COLLECTED MATERIAL:
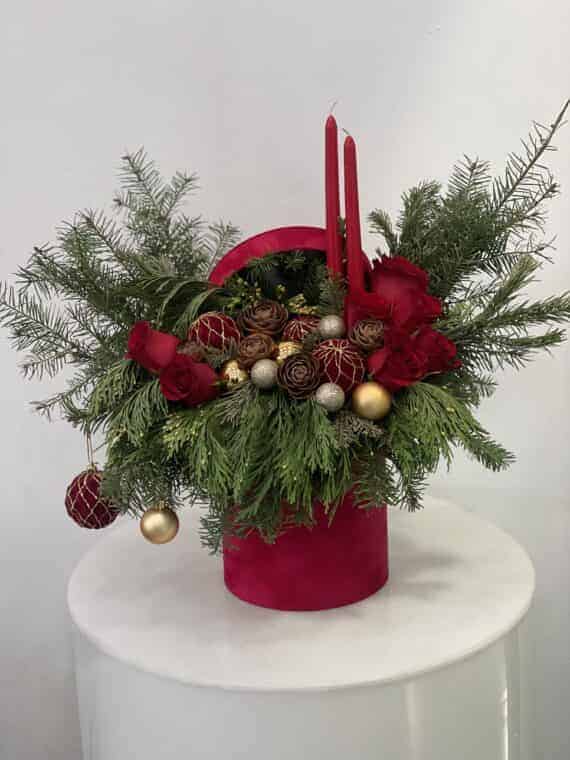 Crimson Holiday Centerpiece - Lush Elegance and Festive Glow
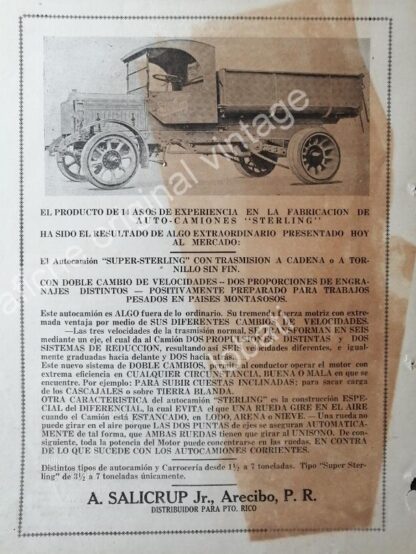 CARTEL ANTIGUO ORIGINAL DE CAMION STERLING 1920 MUY RARO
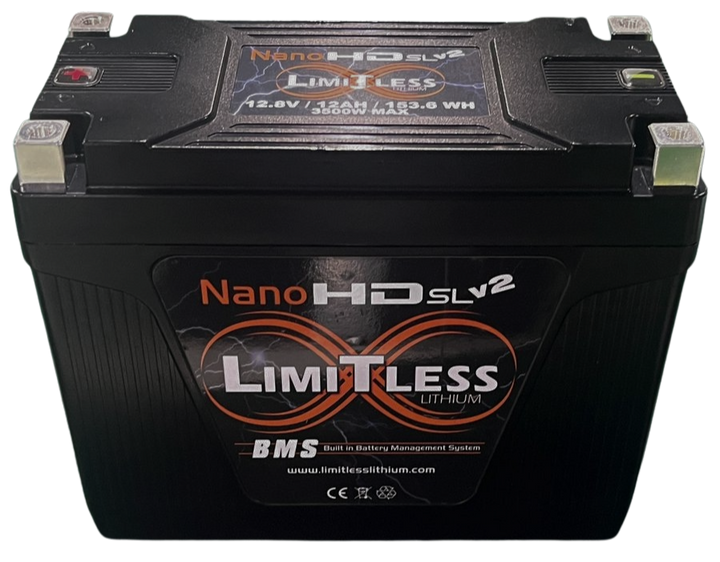 Limitless Lithium Nano-HD SLv2 12Ah LiFePO4 Powersports Battery BCI 20 + 3.5A Maintainer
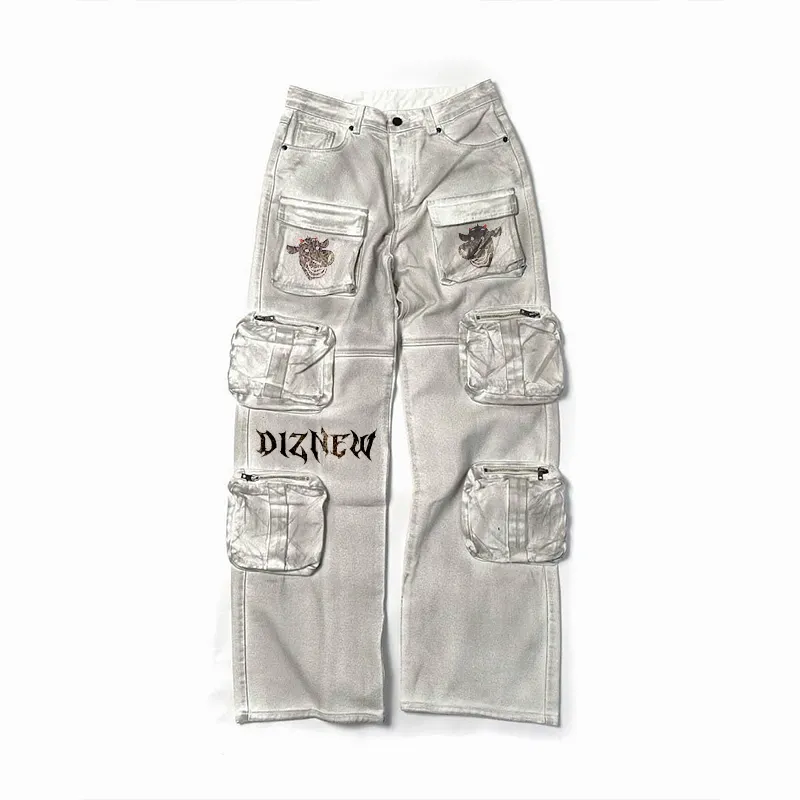 DIZNEW 2024 Spring trendy Beige White do old cargo pants High quality designer custom logo multi pocket pants men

EXERCISE BRIEF:
With every picture left out, print exactly the lines from the one containing "CARTEL ANTIGUO ORIGINAL" through the final line of the material above.

REPLY TO THE EXERCISE:
 CARTEL ANTIGUO ORIGINAL DE CAMION STERLING 1920 MUY RARO
 Limitless Lithium Nano-HD SLv2 12Ah LiFePO4 Powersports Battery BCI 20 + 3.5A Maintainer
 DIZNEW 2024 Spring trendy Beige White do old cargo pants High quality designer custom logo multi pocket pants men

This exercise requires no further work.